What to do> Below are the records; give again exactly the line with "2010 NE 13th", the line with "FORME À CHAUSSURE DECO DE VITRINE", and each line that lies between them, and nothing besides.
________
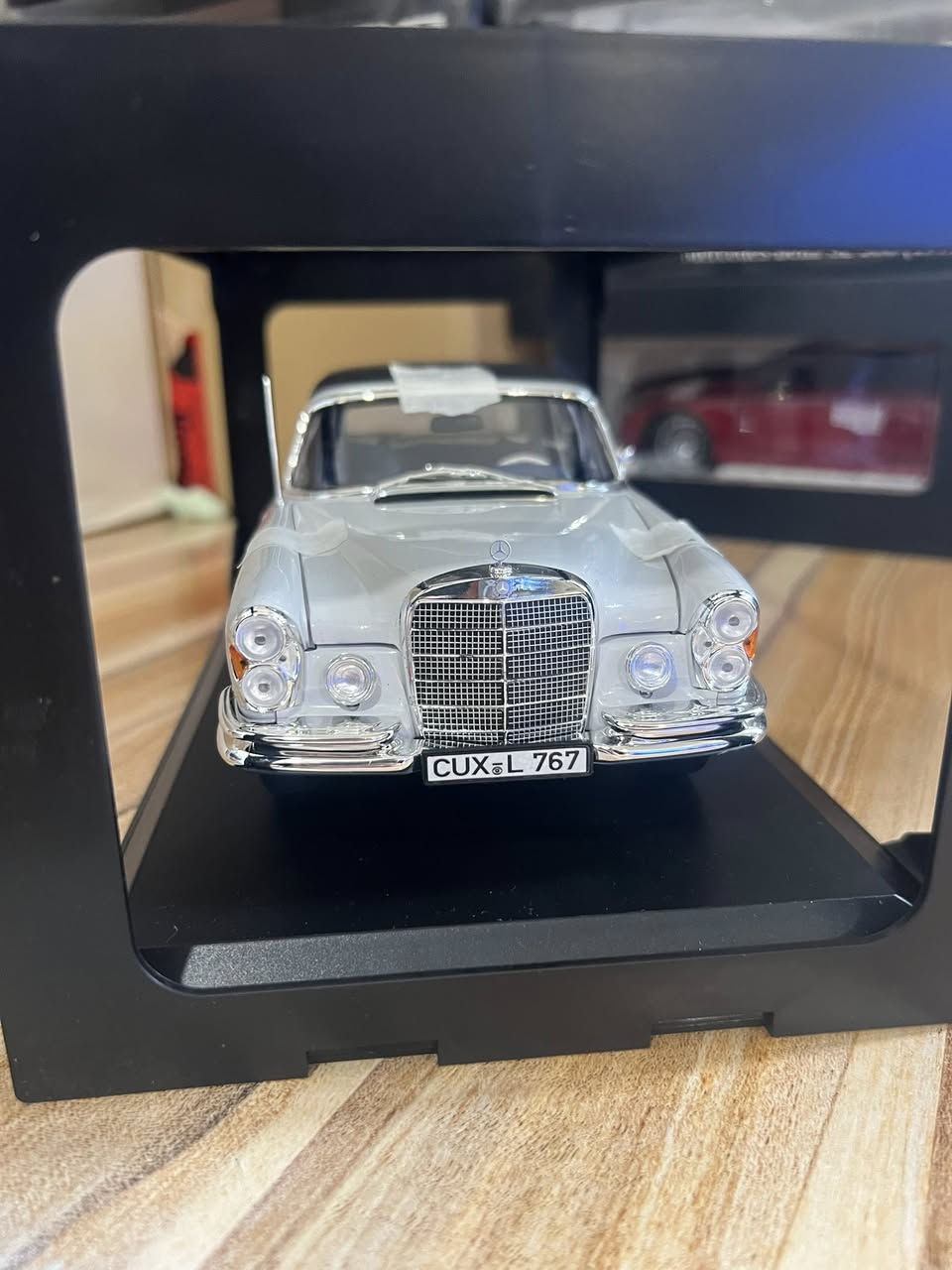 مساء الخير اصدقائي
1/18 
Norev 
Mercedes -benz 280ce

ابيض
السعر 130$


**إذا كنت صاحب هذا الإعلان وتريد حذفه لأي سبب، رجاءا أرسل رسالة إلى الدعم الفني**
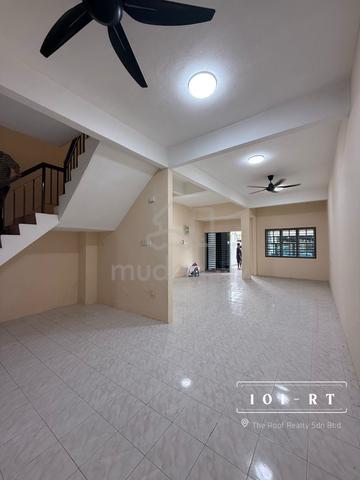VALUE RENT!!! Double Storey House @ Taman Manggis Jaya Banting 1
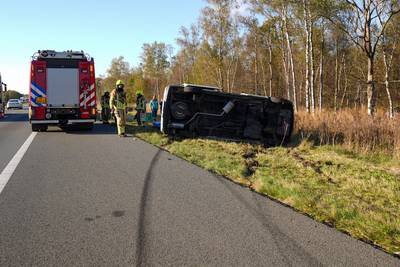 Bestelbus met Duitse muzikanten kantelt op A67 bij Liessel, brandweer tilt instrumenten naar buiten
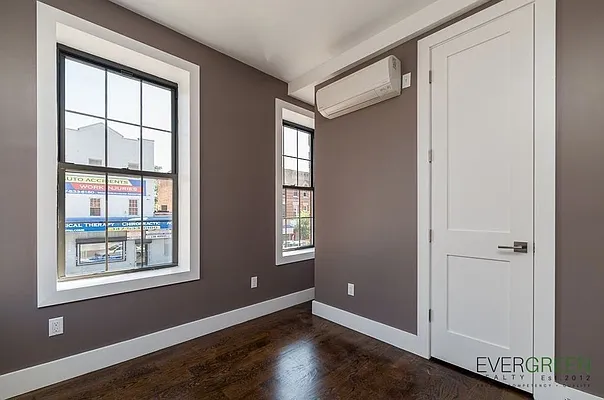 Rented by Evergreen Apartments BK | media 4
________
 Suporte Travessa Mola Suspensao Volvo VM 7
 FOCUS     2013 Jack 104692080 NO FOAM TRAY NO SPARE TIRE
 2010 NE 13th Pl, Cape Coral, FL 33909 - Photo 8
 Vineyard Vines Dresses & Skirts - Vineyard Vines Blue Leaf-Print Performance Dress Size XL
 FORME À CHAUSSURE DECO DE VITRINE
________
Finished exercise>
 2010 NE 13th Pl, Cape Coral, FL 33909 - Photo 8
 Vineyard Vines Dresses & Skirts - Vineyard Vines Blue Leaf-Print Performance Dress Size XL
 FORME À CHAUSSURE DECO DE VITRINE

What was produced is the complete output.